Kapten Inf Agus Julkarnain menegaskan bahwa pendekatan humanis menjadi bagian penting dalam setiap pelaksanaan tugas Satgas di Papua Pegunungan.
"Patroli ini bukan hanya untuk memastikan situasi keamanan tetap kondusif, tetapi juga sebagai bentuk kepedulian kami kepada masyarakat. Kami ingin hadir sebagai pelindung dan sahabat rakyat. Ketika masyarakat merasa aman dan nyaman, itulah keberhasilan yang sesungguhnya bagi setiap prajurit yang bertugas, " ujar Kapten Inf Agus Julkarnain.
Senada dengan itu, Komandan Satgas Pamtas RI–PNG Mobile Yonif 742/SWY, Letkol Inf Dedi Risdiantoro, S.I.P., menegaskan bahwa keberhasilan tugas di Papua tidak hanya diukur dari aspek keamanan, tetapi juga dari kepercayaan yang berhasil dibangun bersama masyarakat.
"Prajurit Satgas Yonif 742/SWY harus mampu menjadi pelindung, pengayom, sekaligus solusi bagi masyarakat. Pendekatan humanis merupakan kunci untuk memperkuat kemanunggalan TNI dan rakyat. Dengan hubungan yang harmonis, stabilitas keamanan akan semakin terjaga dan pembangunan dapat berjalan dengan baik, " tegas Letkol Inf Dedi Risdiantoro.
Selain melaksanakan patroli, personel Satgas memanfaatkan kegiatan tersebut untuk mempererat komunikasi sosial dengan warga. Berbagai masukan dan aspirasi masyarakat menjadi perhatian sebagai bagian dari upaya membangun lingkungan yang aman, damai, dan kondusif.

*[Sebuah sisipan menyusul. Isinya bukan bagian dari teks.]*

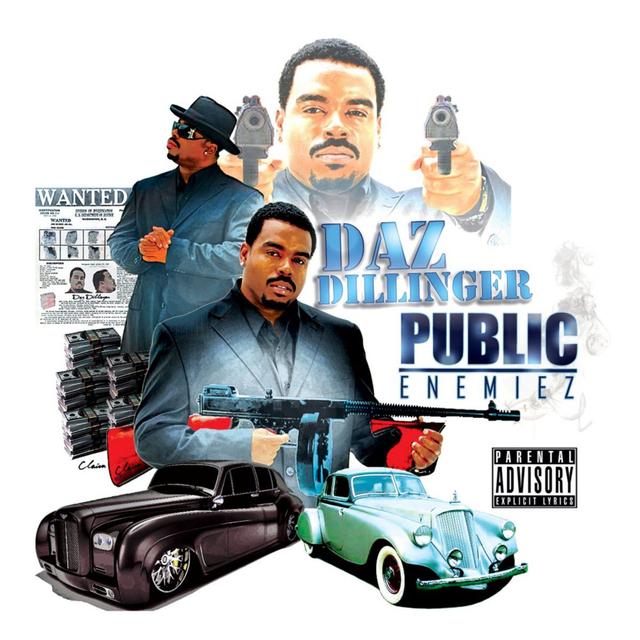 Album cover art for Public Enemiez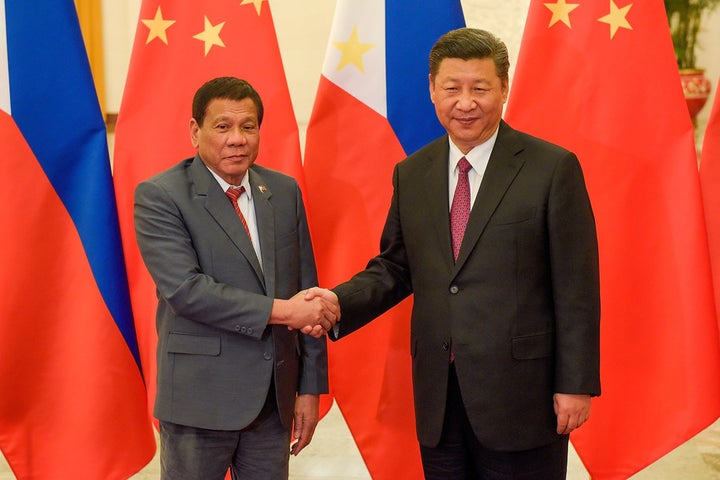 Rodrigo Duterte has the opportunity to shape his foreign policy choices in relation to the two competing global powers.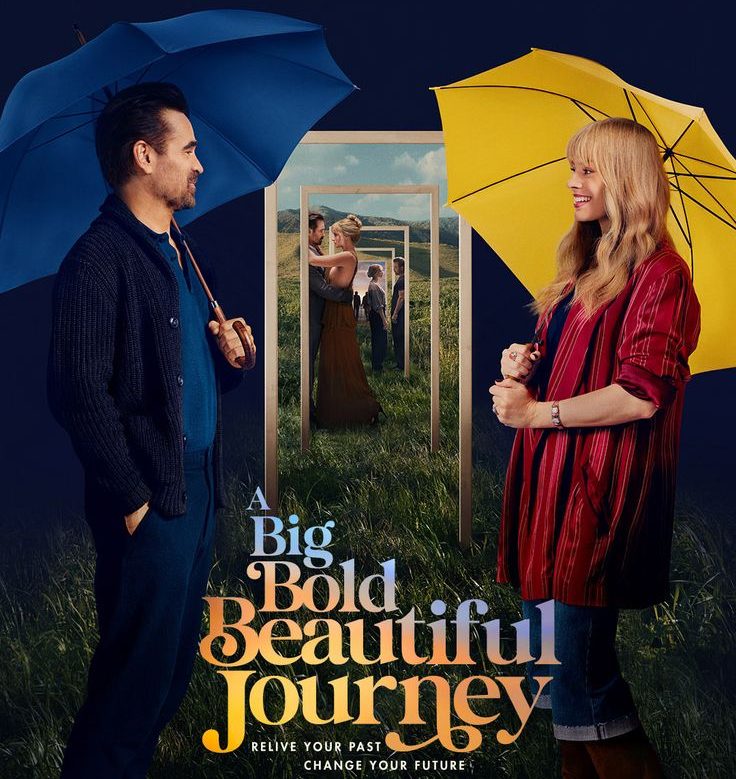 A big bold beautiful journey movie poster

Seorang tokoh masyarakat Kampung Timotani mengaku kehadiran Satgas Yonif 742/SWY memberikan rasa aman sekaligus menciptakan hubungan yang semakin dekat antara TNI dan warga.
"Kami sangat bersyukur dengan kehadiran bapak-bapak TNI di kampung ini. Mereka tidak hanya menjaga keamanan, tetapi juga sering datang berdialog dan menyapa masyarakat. Kami merasa lebih tenang menjalankan aktivitas sehari-hari karena selalu ada yang menjaga dan peduli kepada kami, " ungkapnya.
Melalui patroli keamanan yang dipadukan dengan komunikasi sosial dan pembinaan teritorial, Satgas Yonif 742/SWY terus memperkuat sinergi bersama masyarakat di Kabupaten Lanny Jaya. Pendekatan yang mengedepankan nilai kemanusiaan tersebut menjadi bukti komitmen TNI dalam menjaga kedaulatan negara sekaligus membangun kepercayaan masyarakat demi terwujudnya Papua Pegunungan yang aman, damai, dan sejahtera.